Ten years ago, on November 15-16, 2001, an international conference on looted art took place under the auspices of the National Gallery of Canada in Ottawa, organized by the Canadian Museum Association (CMA) and the Canadian Jewish Congress (CJC). The conference brought together all parties and individuals involved at the time with the issue of looted art. They represented the private art market, the public sector, NGOs; there were numerous lawyers representing both sides of the debate, claimants, historians, and researchers. In the course of two days of animated discussions and presentations, the participants agreed to articulate a series of points and principles from which to issue recommendations for future action in Canada and beyond.
The following is a summation of those debates. There are official reports of the conference and its effects on Canadian institutions that you can consult on-line via the Claims Conference website. Take what you will from them.
The good news is that the discussion was friendly, productive, and pragmatic. The not-so-good news is that everyone went home and not much happened in Canada to push forth the debate on restitution in a manner consistent with the wishes and concerns expressed by the participants. Judge for yourself:
Canada, like so many other countries where there is an art market, is a recipient of loot and has been for decades.
It is a general, albeit vastly understated fact, that 90% of looted art is ‘invisible’ to traditional art historians, and scholars. Although issues pertaining to cultural plunder are not new, there is widespread ignorance of its scope and breadth in the art world, government circles, and the Jewish Community of Canada.

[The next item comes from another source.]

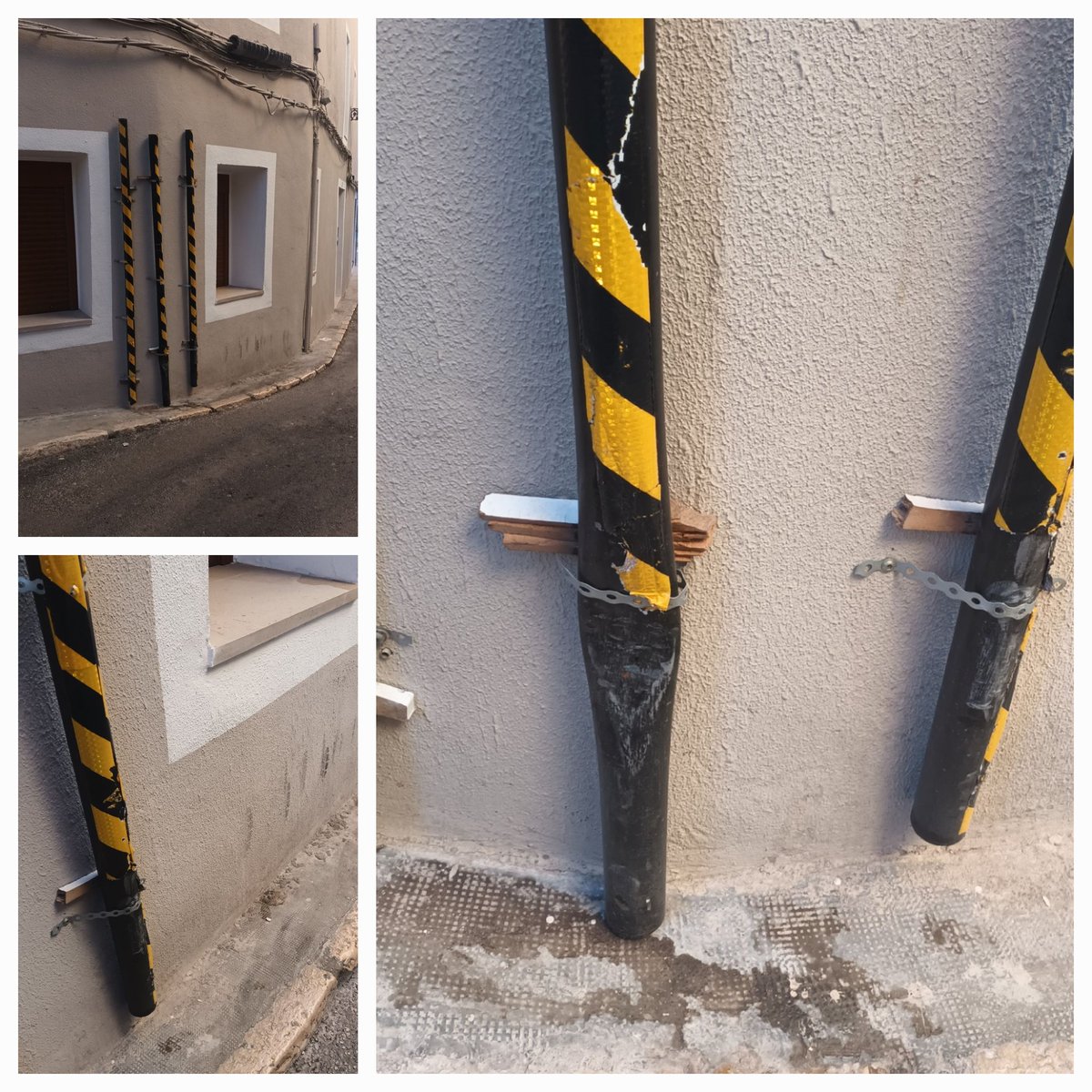 Els efectes, i els danys, del trànsit de vehicles pesants per estrets carrers del nucli antic de #Xàtiva sense control,regulació i limitació de tonatge i volum per l'ajuntament de <a href="/Xativa/">Ajuntament de Xàtiva</a> <a href="/susannagomar/">Susanna</a> .Fins i tot quan el veïnat ha de protegir les cases amb els seus mitjans.🤬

As of 2001, there were no laws on the books—Federal, provincial, or local–to deal with this issue. Dr. Franklin, of the National Gallery of Canada in Ottawa, host of the Looted Art Conference, was quick to say that “There is no legal obligation [for museums in Canada] to restitute.”
Museums have no legal obligations to return stolen works of art to their rightful owners. If claims are filed against individuals, they will be subject to local laws governing statutory limits, laches, good faith purchasing, willful blindness and due diligence. In sum, there are no overt mechanisms in Canada either at Federal or local level for dealing with Holocaust-era cultural property claims.
Then and now, there are few if no resources—human, financial, archival, bibliographical, and academic—for undertaking a serious, exhaustive, review of all institutional holdings in Canada in an effort to identify looted art. Scattered efforts have been duly noted amid 4 largest museums in Canada, as well as in a few smaller institutions.
Everyone acknowledged that there are no short-term fixes to the problem. Solutions are long-term.
What is to be done?
The participants came up with a series of goals to consider for bringing about needed progress on the subject of looted and art restitution:
How can these goals be achieved?
Obviously, one cannot expect any assistance from the Federal government, at least not in the short-run.
The onus of support therefore falls on provincial governments: they should either enact or modify laws that facilitate recovery and restitution, and that acknowledge the problem of stolen cultural property.
Museums must conduct reviews of holdings and identify looted works in their collection, ascertain their status, whether those objects have been recovered or not.
The provinces should put forth standardized responses to this problem.
The Canadian Museum Association, ICOM, and other art and cultural property groups, should petition the Federal government to study the problem and produce a Green Paper (the Canadian equivalent of an American White Paper).
The legal experts at the Ottawa Conference agreed that restitution principles should be anchored in local and provincial laws because of the absence of any Federal law in Canada and of Canada’s obstinate refusal, like that of the United States and dozens of other countries, to sign the UNIDROIT convention on stolen and illicit cultural property.
However, conflict resolution in provincial and local jurisdictions will be subject to different legal regimens and rules governing statutes of limitations, laches, burden of proof and rules of evidence.
Hence, any legal strategy must be focused on a moral and ethical appeal to institutions to restitute, founded on the London Declaration of 5 January 1943—the Inter-Alled Declaration Against Axis Acts of Dispossession. The operating principle has been and should always be: if the work was stolen, theft does not convey title. Even this adage has its variants in countries where the possessor of stolen property can become the rightful owner of the stolen object if no claim has been filed against it over a set period of time.
According to Bonnie Czegledy, the good faith purchaser in Canada cannot hide behind ignorance of the fate of acquired works—which is also referred to as willful blindness. Due diligence rules apply, which involve on the part of the acquirer of the art object to engage in research that would enable her/him to be convinced of the licit/illicit status of the object and base her/his decision to acquire or not the object as a result of this research.
Fill the legal loopholes regarding the resale of stolen works of art.